- _Assignment_:
A faithful copy of all the data is the goal; omit the pictures.

- _Data section_:
────────────────────────────────────────

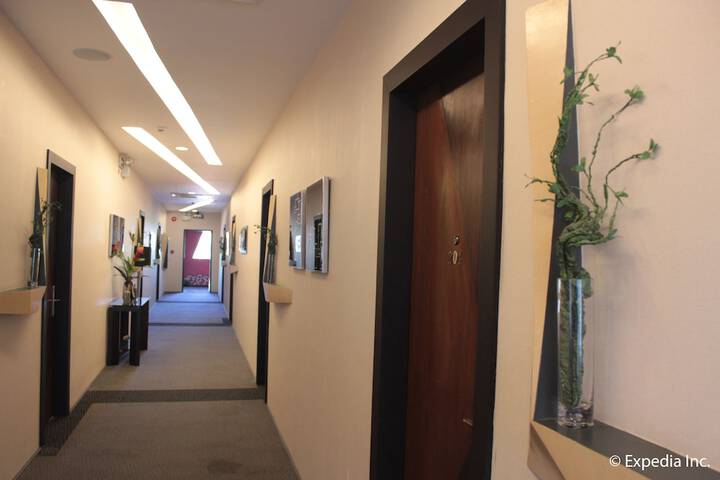 Ballroom/Hall 42 of 49
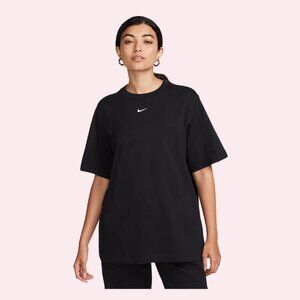 Nike The Nike Tee Loose Fit Size Small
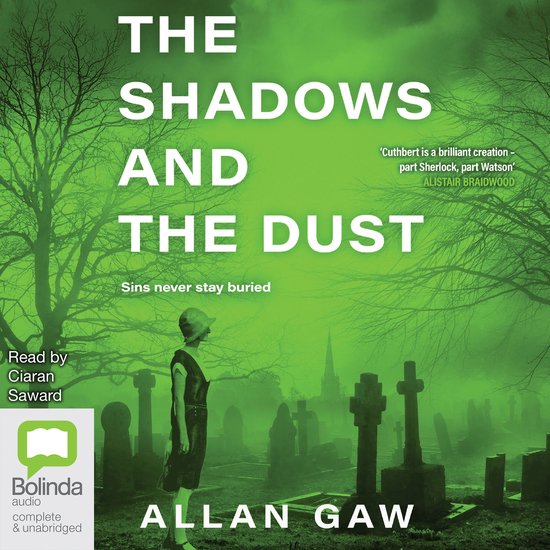Boekomslag van "The Shadows and the Dust" met een grafzerk en een vrouw in een kleding uit de jaren '20.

────────────────────────────────────────

- _Result of the exercise_:
 Ballroom/Hall 42 of 49
 Nike The Nike Tee Loose Fit Size Small
Boekomslag van "The Shadows and the Dust" met een grafzerk en een vrouw in een kleding uit de jaren '20.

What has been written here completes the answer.